Senator George McGovern died last year, a Democrat who lost to Republican Richard Nixon. McGovern was no coward. He was a decorated bomber pilot in World War II, who served his country bravely and well. His staff urged him to talk about his war experiences, but like many veterans, he was reluctant to do so. He referred to himself as the son of a Methodist minister; a “good old South Dakota boy” who went off to war and had been married to the same woman forever. In short, he was humble. Maybe that humility served him well, because at the end of his life he was awarded the World Food Prize along with Republican Senator Bob Dole. Dole wrote in The Washington Post that “our most important commonality–the one that would unite us during and after our Capitol Hill service, was our shared desire to eliminate hunger in this country and around the world. As colleagues in the 1970s on the Senate Hunger and Human Needs Committee, we worked together to reform the Food Stamp Program, expand the domestic school lunch program and establish the Special Supplemental Program for Women, Infants and Children (WIC).

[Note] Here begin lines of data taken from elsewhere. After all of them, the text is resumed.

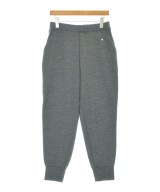 mina perhonen クロップドパンツ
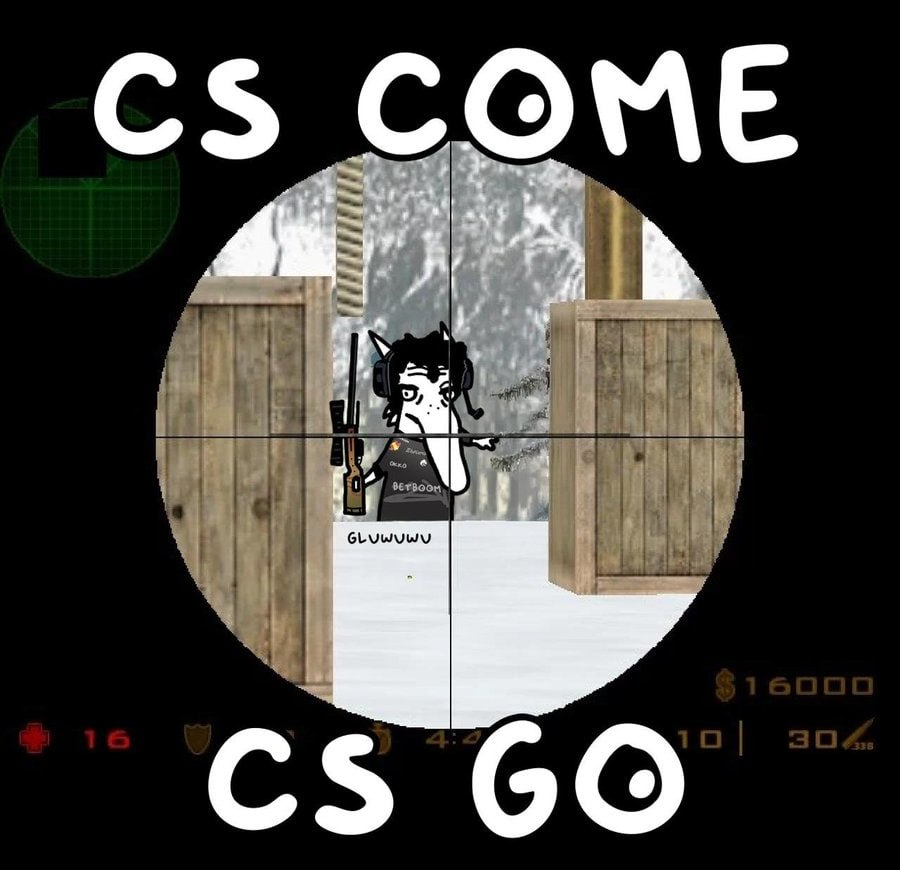 AussieToker tweet media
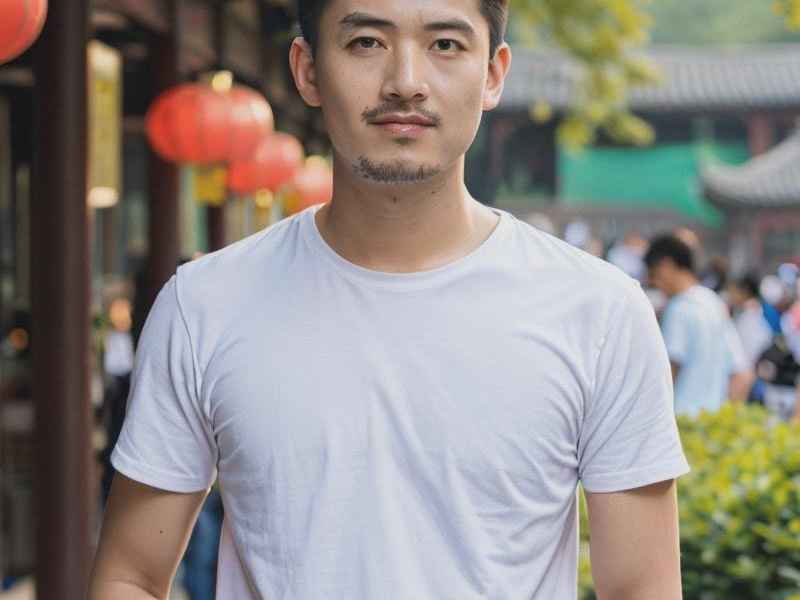 普通男生图片生活照 - 普通男生图片生活照高清 普通男生图片生活照 - 普通男生图片生活照高清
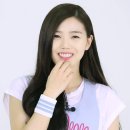큐피트 이미지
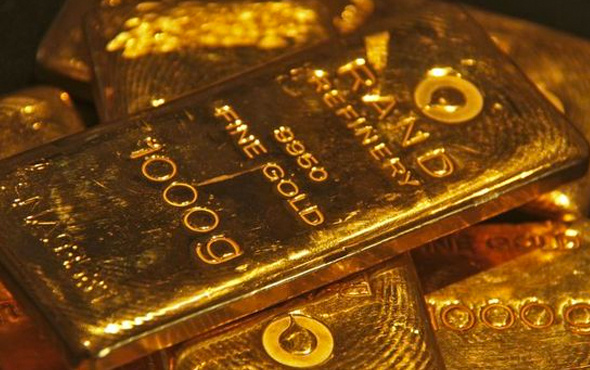 UBS altın fiyatı tahmini (Çeyrek altın kaç lira 28 Şubat 2017)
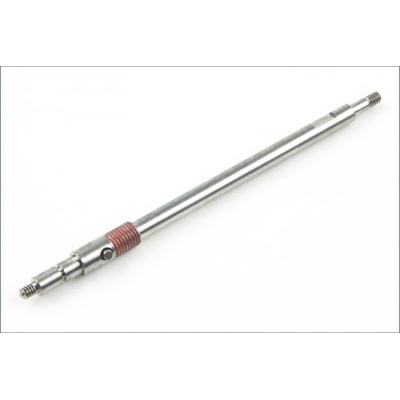 Kyosho MZW-304 Titanium Ball Diff Shaft MR-02/LM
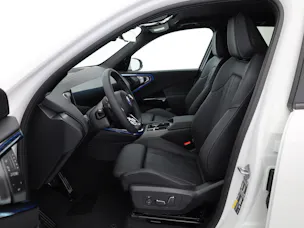 BMW X3 30e xDrive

Later, they worked in tandem to strengthen global feeding, nutrition and education programs. They jointly proposed a program to provide poor children with meals at schools in countries throughout Africa, Asia, Latin American and Eastern Europe, a program supported by both presidents Clinton and Bush, which now succeeds in providing meals to 22 million children in 41 different countries. McGovern and Dole, Democrat and Republican. Both fought in World War II. Both ran for president and lost, but neither are losers. Losers do not work together quietly and effectively to provide meals to 22 million children.

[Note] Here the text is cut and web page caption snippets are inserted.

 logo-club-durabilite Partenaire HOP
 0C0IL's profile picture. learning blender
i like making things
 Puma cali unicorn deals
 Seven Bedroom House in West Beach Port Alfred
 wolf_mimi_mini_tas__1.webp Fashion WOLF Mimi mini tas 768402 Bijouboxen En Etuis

Jesus has concern for feeding the hungry, especially those who have no way to repay generosity shown to them. He says, “When you give a luncheon or a dinner, do not invite your friends or brothers or relatives or rich neighbors in case they may invite you in return and you would be repaid” (v.12). Most of us have dinners or gatherings for exactly the groups Jesus mentions. We enjoy feeding them and being fed by them. But Jesus tells us to go a different direction and think of hungry children, whether they are 2 or 2 million. “When you give a banquet, invite the poor, the crippled, the lame and the blind. And you will be blessed, because they cannot repay you, for you will be repaid at the resurrection of the righteous” (vv.13-14). Feed those who cannot repay you, commands Jesus. Make lunch or dinner for these people, not folks who easily pay you back with a lunch or dinner of their own. And do not just make it a meal, make it a celebration!
As followers of Jesus, we ought to work harder to make Christianity the most popular institution in the land. Being a follower of Jesus is a counter-cultural game to play, one that is based on the belief that “all who exalt themselves will be humbled, and those who humble themselves will be exalted” (v.11). Anything and everything we do to serve others without expectation of a payback will be seen as a success in the eyes of Jesus, and will move us closer to the expected etiquette in the Kingdom of God.